She also has many enemies, who think she is bringing art down to the level of a social manifest that has nothing to do with art, and some who vigorously argue against the political meaning of the paintings. Cherkassky succeeds in maintaining the position of the eternal dissident: someone who criticizes society, criticizes art and criticizes critical art – in Israel, Germany and Russia. Therefore her entry into the Israel Museum in Jerusalem, in a solo exhibition that will be on display for almost an entire year, raises the question as to why this institution of all places, which is not famous for its critical stance, is embracing Cherkassky.

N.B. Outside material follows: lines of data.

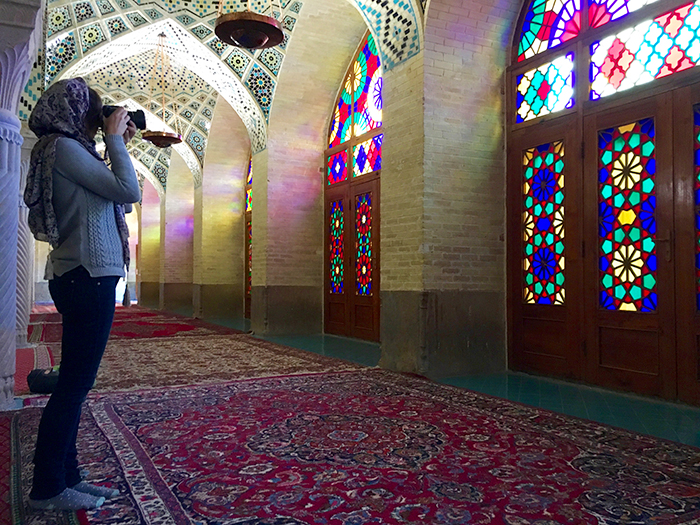yo-mezquita-colores-shiraz-iran-mipaseoporelmundo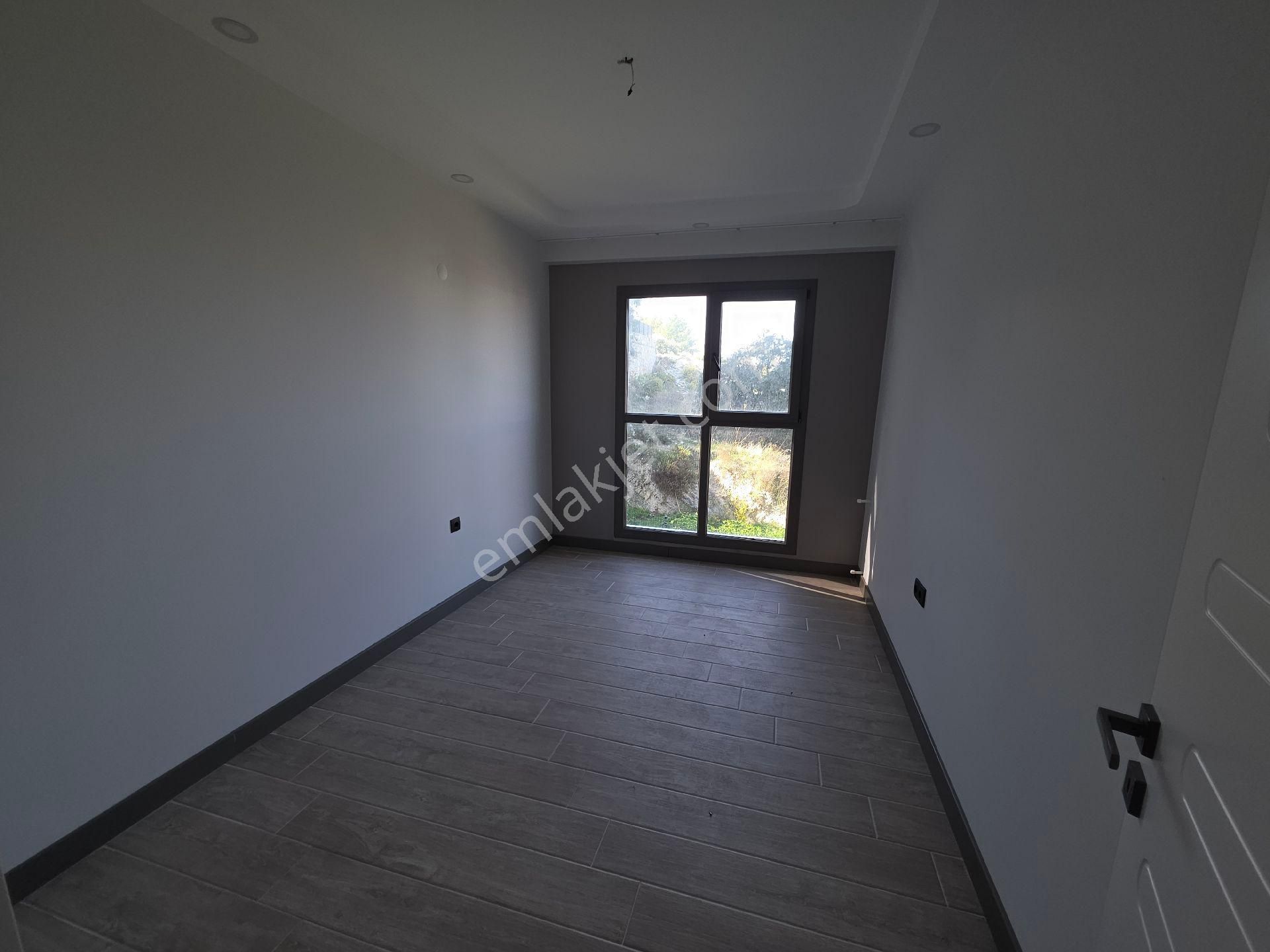 Kuşadası Satılık Sıfır 2+1 Daire - Görsel 11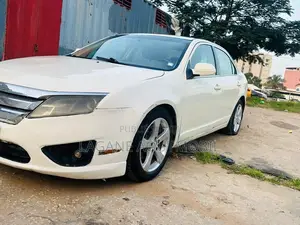 Ford Fusion SE 2010 Blanc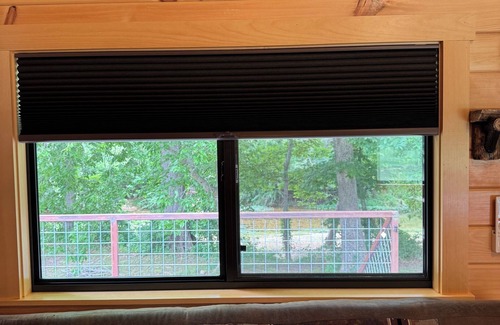 Moodys Cabina | Cabin in The Trees. A true log cabin overlooking a beautiful crystal clear creek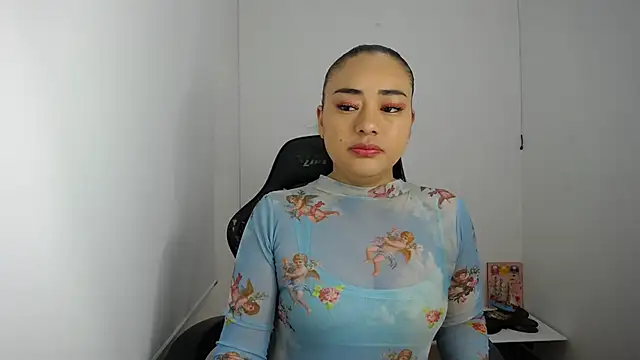 Snapshot of ReyleDoll chatting on December 19, 2024, 7:51 pm ReyleDoll online show from December 19, 2024, 7:51 pm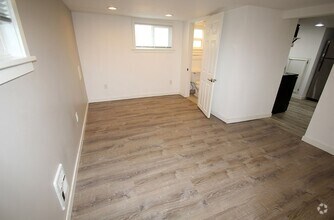 Building Photo - 7326 Triplex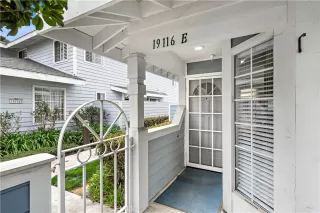 Photo #2: OC23031346 Listing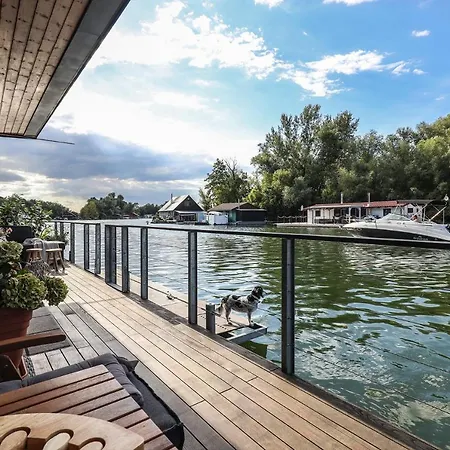 Hausbót U Rybára A Kačky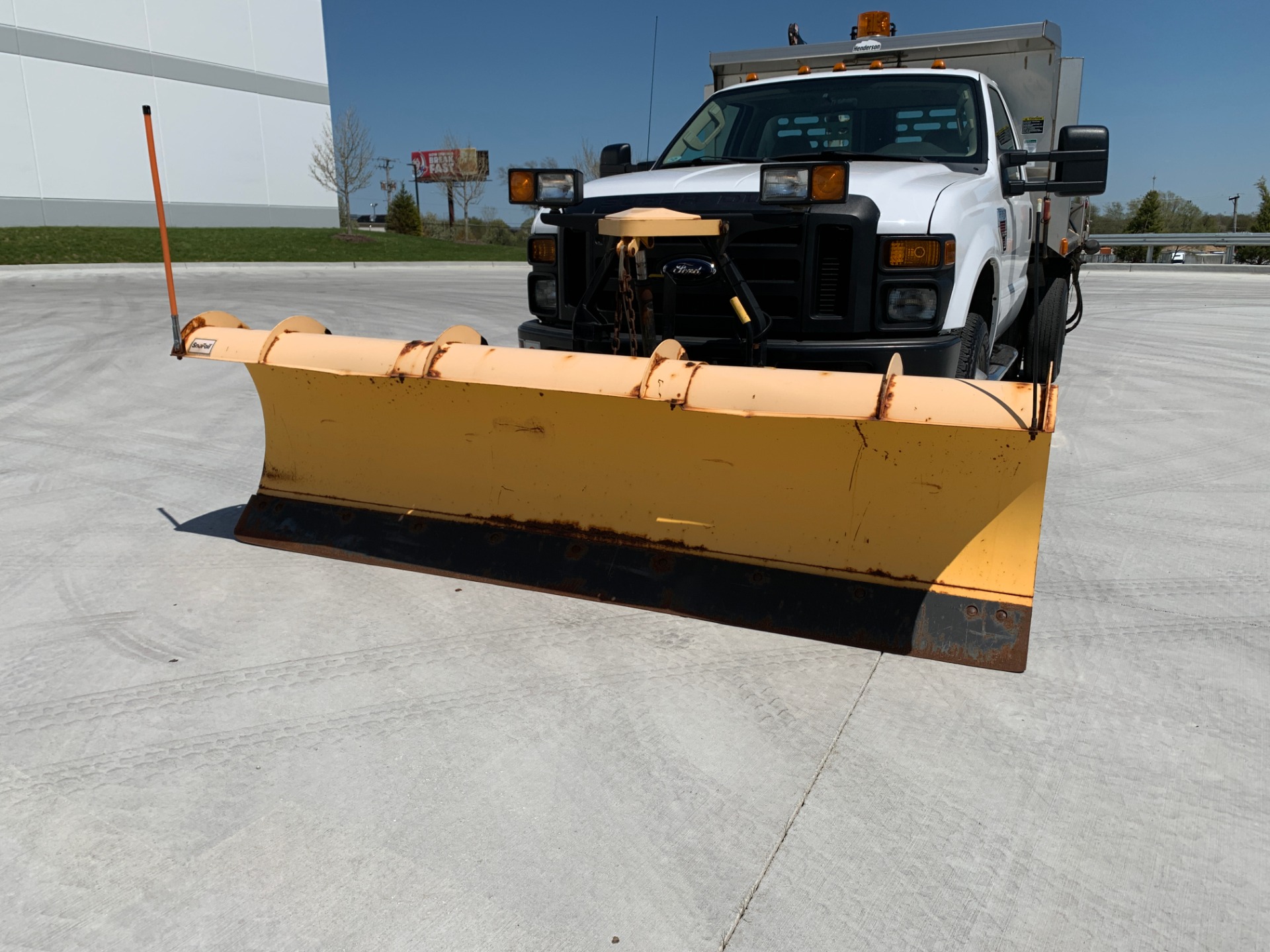 Used-2009-Ford-F-350-XL-Super-Duty-with-Snow-PlowSpreaderCable-Hoist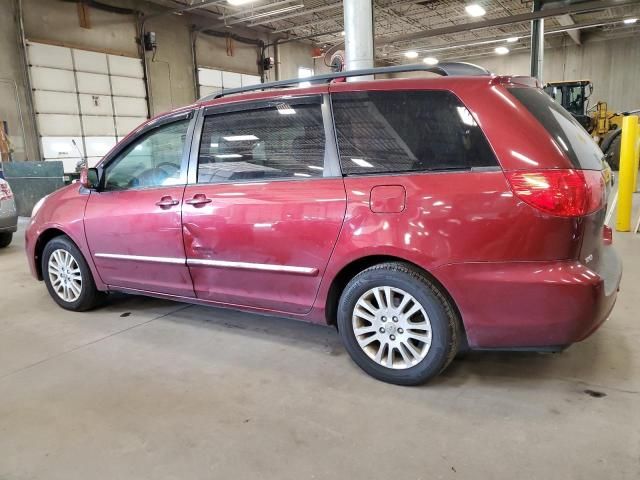 2010 Toyota Sienna XLE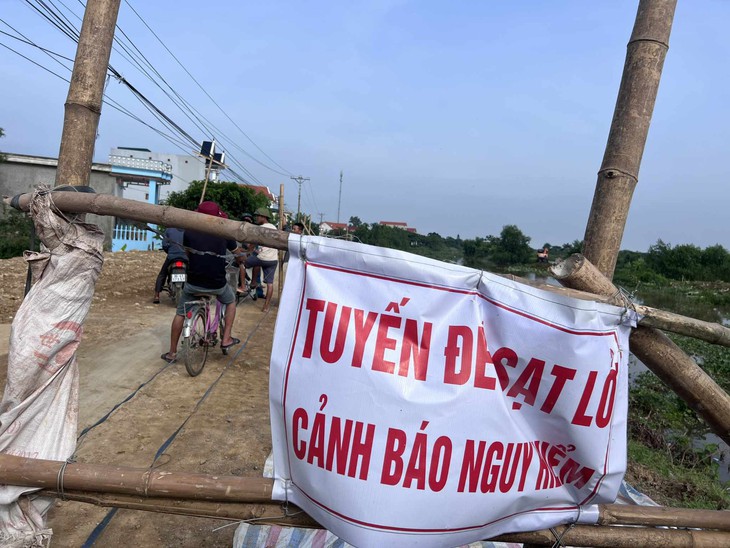 Đê sông Càn có nguy cơ bị vỡ, đe dọa cuộc sống người dân - Ảnh 6.
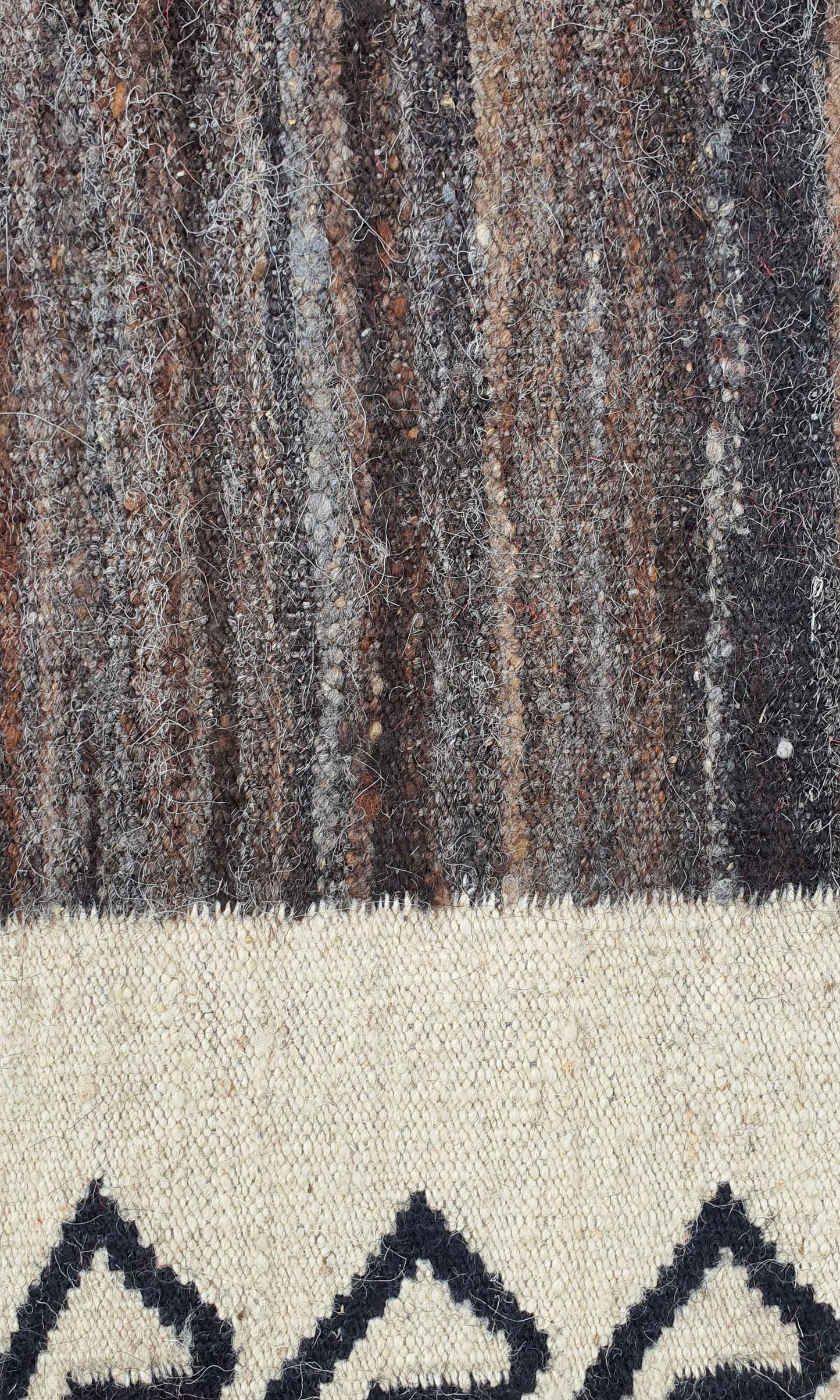Navajo Design Tribal Rug, J80082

What are the conditions that enable this embrace, and mainly, what is created by the pairing of the spiritual “museum” – with the Shrine of the Book, the synagogues and “Nimrod” – and Cherkassky’s art, which is down-to-earth, painful, lacking in majesty.

And actually, it’s strange to call her Cherkassky. She’s Zoya, just as artist Raffi Lavie is Raffi. Those are the two first names of Israeli art, which may range entirely between Raffi and Zoya, between the Yekke (German-Jewish) sabra, and the very Israeli immigrant from Ukraine. And in another sense, between Lavie from Yona Hanavi Street, who rhymed with his surroundings, to Cherkassky-Nnadi, the “Russian” immigrant who is married to a Nigerian labor migrant; and in a third sense between the modernist Lavie, behind whose paintings there is a wall for Cherkassky, who paints an entire social world.

Zoya Cherkassky, 'Fucking Hebrew,' 2012. Dubi Shiff Art Collection

We may recall how long Lavie waited for an exhibition at the Israel Museum, and what an uproar ensued when it went on show. At the other extreme, Cherkassky’s exhibition is now on display – not a large retrospective, but a contemporary process, in real time, that leads a single painting momentum.

A gloomy reality

Cherkassky displays about 20 large oil paintings and a number of sketches, drawings and early works, all of them representations of the lives of immigrants to Israel from the countries of the former Soviet Union. The name of the exhibition, “Pravda,” (Truth) points to the demand that art bear true witness in an era of post-truth. This is not the “official truth,” propaganda or public relations of the party and the state, the kind published in the past in the Soviet newspaper Pravda and written today in other newspapers, nor the non-truth of the marketplace of merchandise and images and ostentatious media display. The truth in “Pravda” is a truth of the hardship, oppression, humiliation and disappointment of an entire community.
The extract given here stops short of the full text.